I'm also very excited to say that this piece has become a three-generation project. In addition to my collaborator and father, Ron Sears, my grandfather Jim McCoy is contributing his masterful woodworking and finishing skills to this project. Everything is in line for a beautiful piece.
This week, my biggest test thus far will begin: a massive soldering undertaking centering around 320 surface mount RGB LEDs, and a matching 960 resistors in 0201 packages. That's 0.024" x 0.012" for those of you keeping score at home. In addition, the design utilizes sixteen 80-pin PIC microcontrollers and a slew of other circuitry. If I can still focus my eyes well enough to see the audience at thesis week, I'll call it a victory. Starting later this week, when the parts and boards arrive, I'll be posting photos and possibly video of the assembly process right here on this blog.

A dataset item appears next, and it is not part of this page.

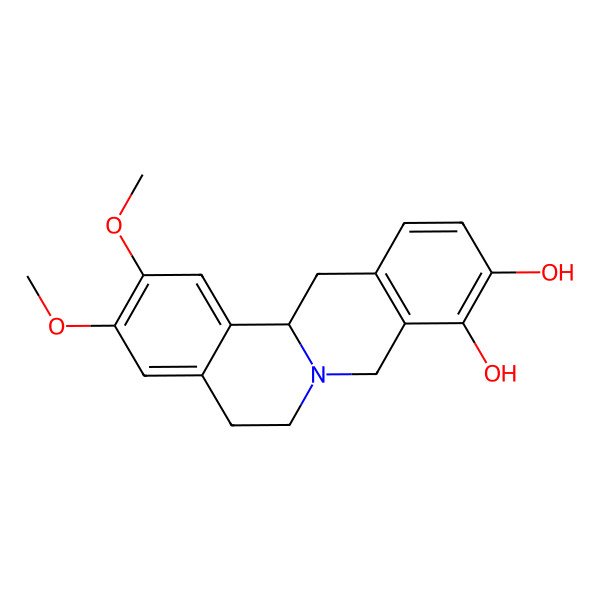 2D Structure of (13aS)-2,3-dimethoxy-6,8,13,13a-tetrahydro-5H-isoquinolino[2,1-b]isoquinoline-9,10-diol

For now though, here's a peek at one of the pair of aluminum board mounts fabricated at D&R Machine. There's much, much more to come, culminating in an initial exhibition at the ITP Thesis Week and Spring Show, on May 3 and May 8-9, respectively.

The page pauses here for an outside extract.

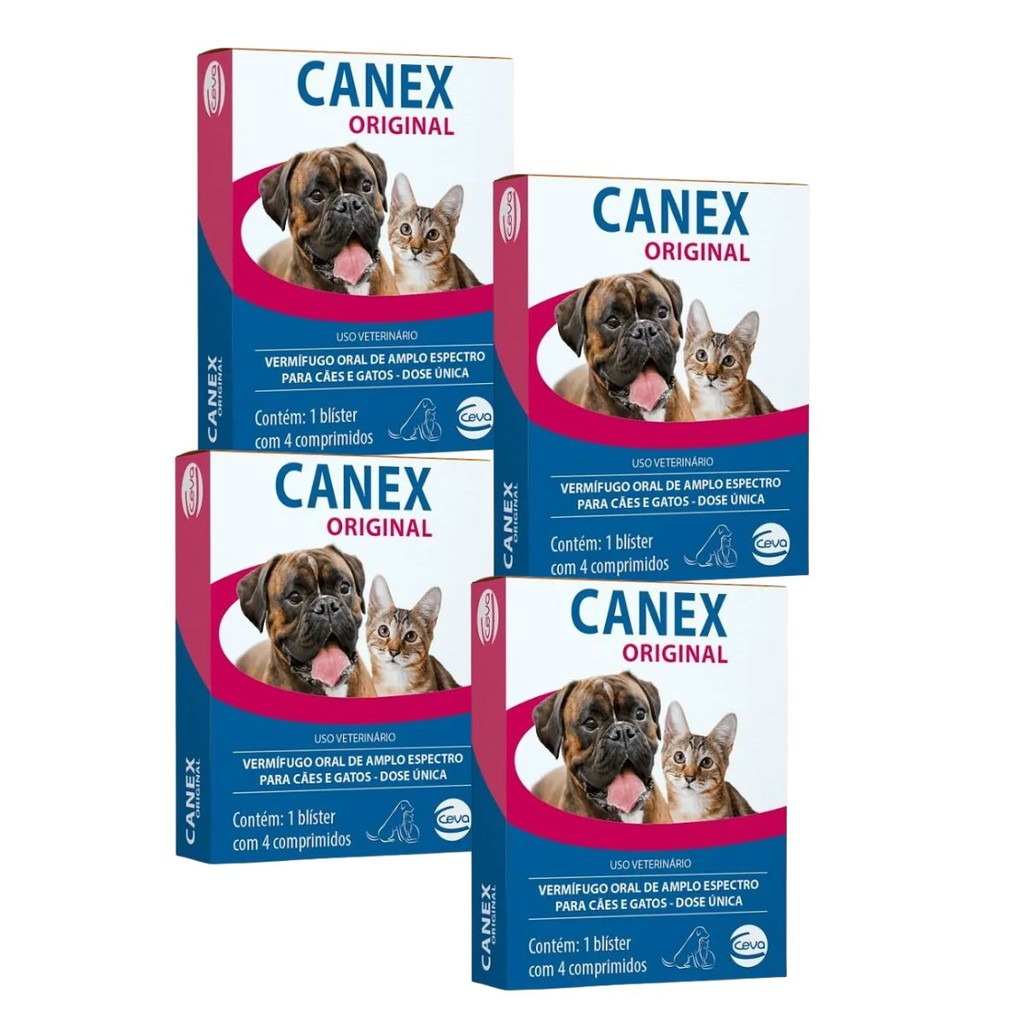 4 Canex Original P/ Cães Gatos Vermífugo 16 Comp. Dose Única em Oferta na Shopee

Here are some photos from early January as my father and I built the display guard for The Orb.
The Orb certainly isn't the first ever idea for a dynamically controlled, three dimensional, global display. Once upon a time in 1962 a man named Buckminster Fuller (Wikipedia) conceived a proposal for a project 200 feet in diameter and covered with 10,000,000 computer controlled light sources, called The Geoscope, to be suspended over the East River in full view of the United Nations.
This 200-foot-size Geoscope would make it possible for humans to identify the true scale of themselves and their activities on this planet. Humans could thus comprehend much more readily that their personal survival problems related intimately to all humanity's survival.
The Geoscope's electronic computers will store all relevant inventories of world data arranged chronologically, in the order and spacing of discovery, as they have occurred throughout all known history.
Historical patterns too slow for the human eye to comprehend, such as the multimillions-of-years-to-transpire changes in the geology of our planet -- for instance, the picturing on the Geoscope Earth in two minutes of the drifting apart of the continental plates.
Or in another four-minute sequence picturing, the last four one-million-years each ice ages, spaced 250,000 years apart, their transforming of the world's oceans into ice cappings, which water shifts reveals peninsulas interconnecting what we now know only as islands -- for instance, the Malay Peninsula including all of Java, Sumatra, Borneo, Bali, Sulawesi, and the Philippines, as it did in the last ice age.
Original concept sketch of Geoscope by Buckminster Fuller, via The Architecture Department, University of Auckland
Since the warm reception at the ITP Winter Show The Orb has been getting a good amount of attention around the blogosphere. Here are some of the mentions of which I'm aware (in rough order of appearance):
It's also been YouTubed (thanks to MaximusNYC):
With 7 hours and change to spare, the Orb is ready for showtime...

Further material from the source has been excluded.